The original function you have is defined over all real numbers. There is no need to check the domain of the derivative.
so I tried doing this problem but I'm having difficulty, please help
find all critical numbers for the function f(x)=(9-x^2)^(3/5)
First thing i did was to find the derivative which i got -6x/[5(9-x^2)^(2/5)]
The next thing was to find when f'(x)=0, so i set the derivative equal to 0 to get x=0
I then checked to see when the derivative is undefined. To do this i set the denominator of the derivative [5(9-x^2)^(2/5)] to zero and got x=3 and x=-3.
are x=0,-3,3 right? I graphed the original function on my calculator and can't find anything specific about these points. also, i used the derivative function on my calculator to get the derivatives at these points, i thought that i'm not supposed to be able to do this since the derivative is supposed to be undefined at x=3 and x=-3
rawkstar,
I think you're right. The derivative is 0 when x=0 and undefined when x={-3,3}.
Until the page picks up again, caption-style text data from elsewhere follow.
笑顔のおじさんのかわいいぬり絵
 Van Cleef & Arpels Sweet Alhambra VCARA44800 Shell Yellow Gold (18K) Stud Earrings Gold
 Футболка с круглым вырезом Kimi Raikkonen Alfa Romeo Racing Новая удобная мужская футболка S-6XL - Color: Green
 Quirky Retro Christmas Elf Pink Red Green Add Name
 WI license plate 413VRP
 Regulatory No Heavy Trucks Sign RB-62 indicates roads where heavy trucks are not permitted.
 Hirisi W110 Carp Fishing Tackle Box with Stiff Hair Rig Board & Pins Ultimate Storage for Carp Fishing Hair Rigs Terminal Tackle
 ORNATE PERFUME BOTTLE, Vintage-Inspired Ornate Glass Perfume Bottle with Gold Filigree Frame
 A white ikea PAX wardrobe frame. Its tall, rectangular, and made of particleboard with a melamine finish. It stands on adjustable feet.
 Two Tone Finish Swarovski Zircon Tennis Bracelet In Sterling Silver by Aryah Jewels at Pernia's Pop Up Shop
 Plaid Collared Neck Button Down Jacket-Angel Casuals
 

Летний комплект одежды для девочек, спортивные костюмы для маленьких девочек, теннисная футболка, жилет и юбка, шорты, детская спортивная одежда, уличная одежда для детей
I graphed the function and it appears to have vertical asymptotes at x={-3,3} and it passes through 0 at x=0.
The original function is most definitely defined over the reals, regardless of the domain of it's derivative.
The behavior of the derivative (including its domain) will help describe the behavior of the original function, but the two are not necessarily linked as far as domain is concerned.